FINALLY: there is a good reason for not making fun of projects at Colossus. If they are as keen on creating animals from the Game of Thrones franchise as they seem, there can really only be one aim: to create the gigantic fire-breathing flying dragons responsible for incinerating so many of the cast … and, presumably, the competition. That’s why we at Humungous Bioscences intent to get there first.
April 4, 2025
What I Read In March
I apologise for the late arrival of this month’s book blog. I have been distracted by the publication of my own book, the subject of which is somewhat fin-d’espèce, if not fin-du-monde, and which you can read all about here.
Laura Purcell: The Silent Companions You’ll both no doubt recall that Mrs Gee gave me an anthology of horror stories for Christmas entitled The Winter Spirits, thus introducing me to a host of authors of whom I had not previously heard. One of these was Laura Purcell, whose story Carol of the Bells and Chains was High Victorian gothic horror set in the nursery of a grand house.

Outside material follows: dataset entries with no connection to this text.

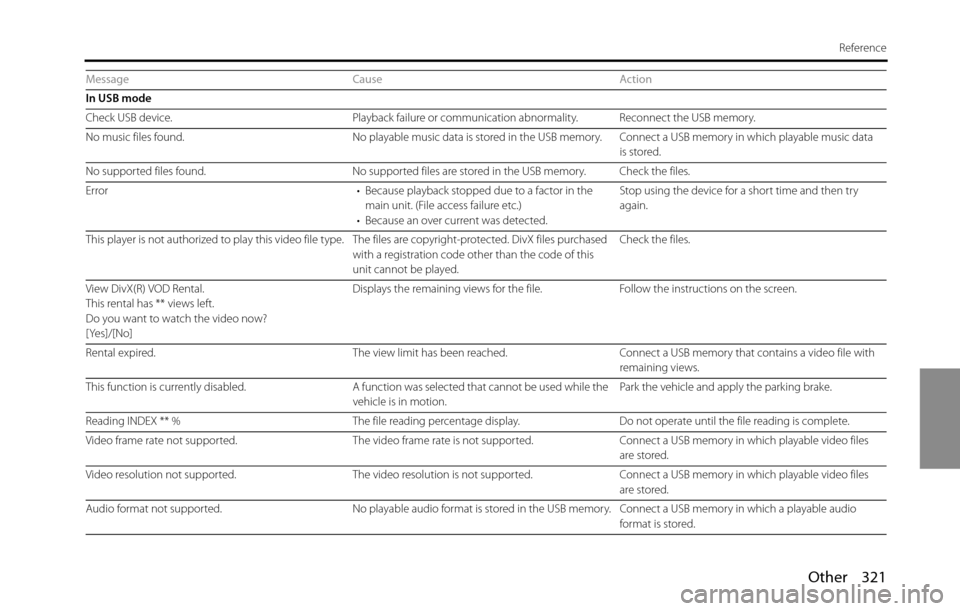 SUBARU BRZ 2016 1.G Navigation Manual Other 321
Reference
In USB mode
Check USB device. Playback failure or communication abnormality. Reconnect the USB memory.
No music files found. No playable music data is stored in the USB memory. Con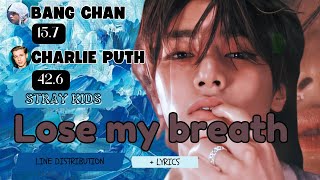 Stray Kids  Lose my breath Feat Charlie Puth  Line Distribution  Lyrics [upl. by Nivan]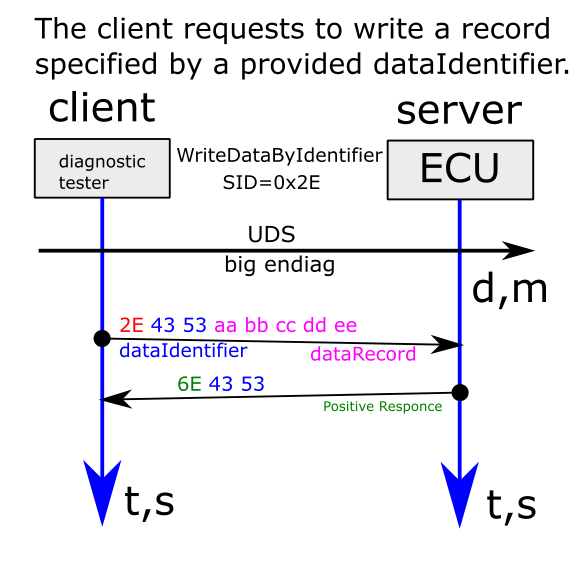 Чтение и Запись Параметров по UDS - 11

The Silent Companions has a similar setting, and starts when newlywed Elsie Bainbridge comes to the decaying country pile of her new husband, who has – inconveniently – just died. Her only companion is her late husband’s rather vapid sister. With nothing else to do but explore the huge building, she unlocks a door that she shouldn’t, unleashing nursery crymes. The story intercuts with a tale in the same house just before the English Civil War, when the nursery horrors (the ‘silent companions’ of the title) first came into the house, bought by the Lady of the House from a remarkable curiosity shop run by a man called Samuels – a shop that subsequently disappears without trace. So, take Victorian Gothic and mix in aspects of Child’s Play and Needful Things. My concern, being a Red-Sea Pedestrian, is the anachronistic nature of Samuels, who is plainly Jewish, yet Jews were absent from England until the Protectorate. But this is a tale of the fantastic, so one can perhaps excuse it. And it is a fine spine-chiller.

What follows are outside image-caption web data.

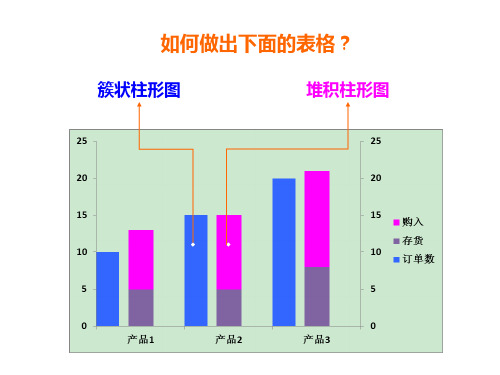 七步成图(如何合并簇状柱形图与堆积柱形图)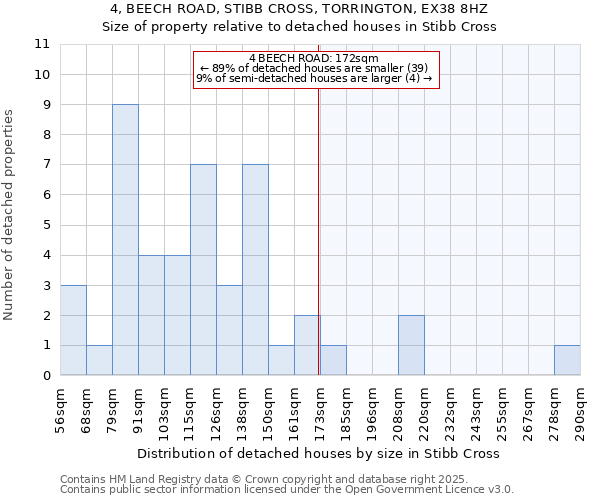4, BEECH ROAD, STIBB CROSS, TORRINGTON, EX38 8HZ: Size of property relative to detached houses houses in Stibb Cross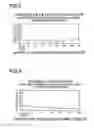Fig. 06 - Microproduct, medical microproduct, microwell array chip, microwell position detection plate, and micro resin pipette tip using the microproduct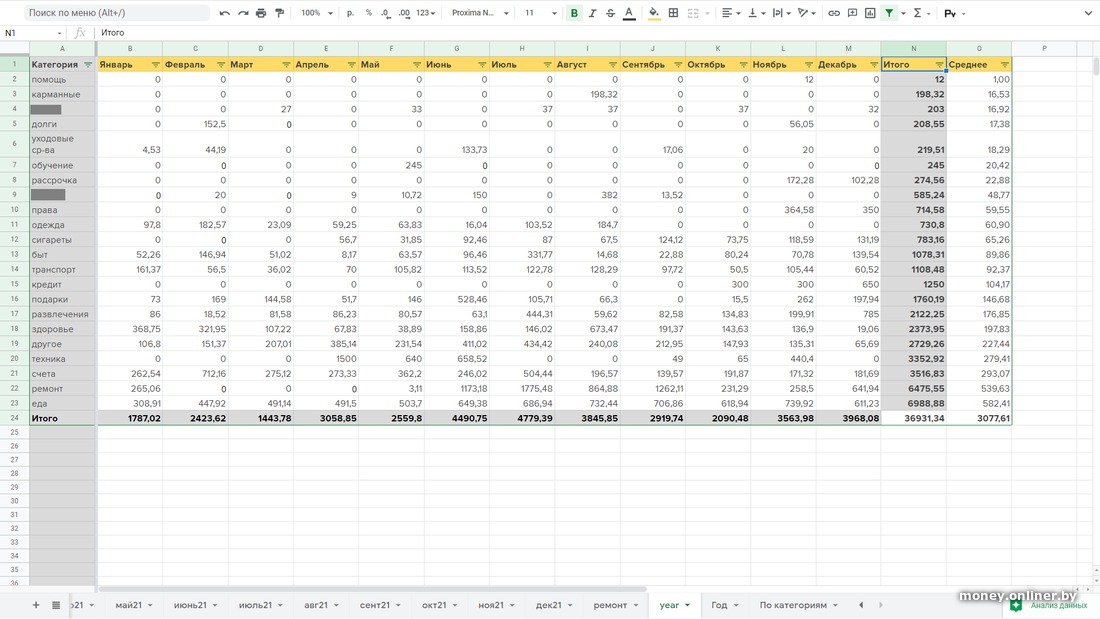 Journal costs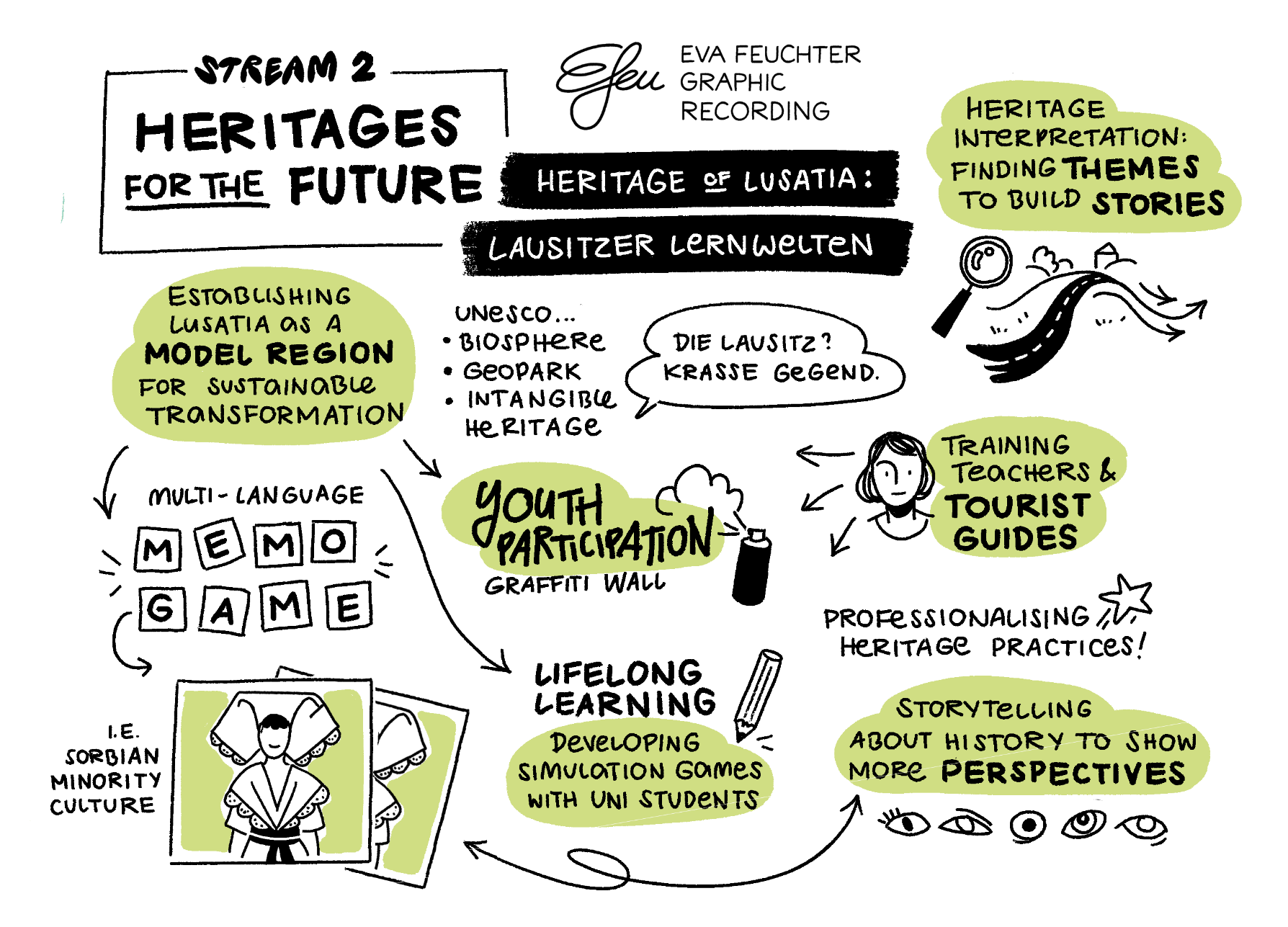 Heritage-Panel-illustrated-Poster.png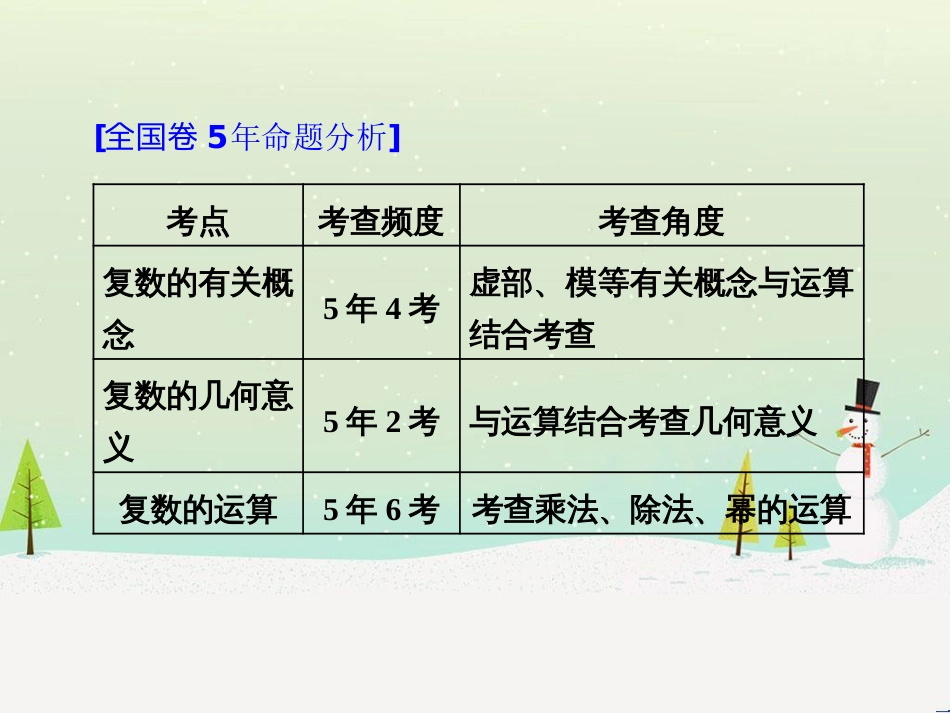 八年级物理上册 1.3《活动降落伞比赛》课件 （新版）教科版 (1068)_第2页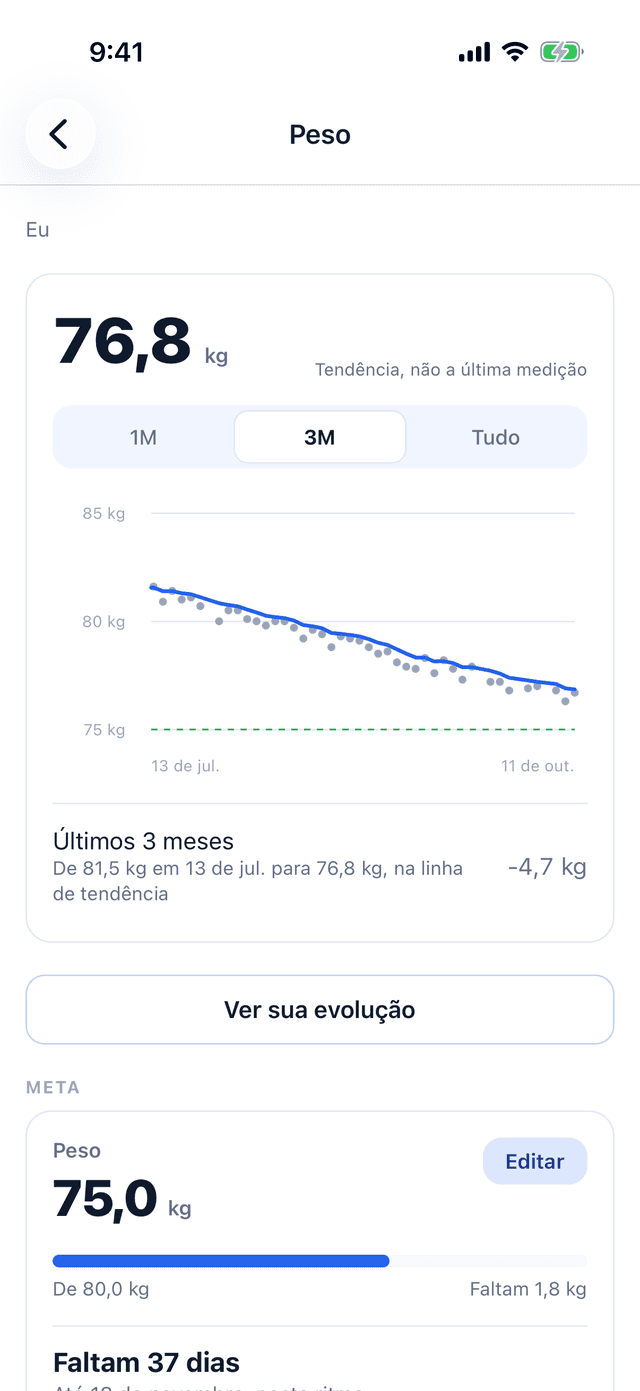 O gráfico de peso: três meses de pesagens como pontos, com a linha de tendência passando por eles, de 81,5 kg em 13 de julho para 76,8 kg, 4,7 kg a menos.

Jess Kidd: Things In Jars Another author from The Winter Spirits here, of a story called Ada Lark about a street urchin who becomes the assistant to a fraudulent medium (is there any other kind?) Things in Jars is a mystery in which Mrs Bridie Devine, private investigator extraordinaire, is asked to track down the missing daughter of an aristocrat – a girl with remarkable powers. Mrs Devine, despite (and perhaps because of) a chequered personal history, is quite at home in the rambunctious stews of Victorian London, and mixes with a cast of characters is picturesque and outlandish as anything in Dickens – from Clara Butter, Mrs Devine’s giantess housemaid, to the ghost of a dead prizefighter who claims to be in love with our intrepid heroine. All this and bottled mermaids too in a tale told in that spellbinding, endlessly creative yet somewhat elliptical style one finds in Irish-born writers from James Joyce and Samuel Beckett to Roddy Doyle and Spike Milligan. All in all an absolute cracker. I want to read more about Bridie Devine.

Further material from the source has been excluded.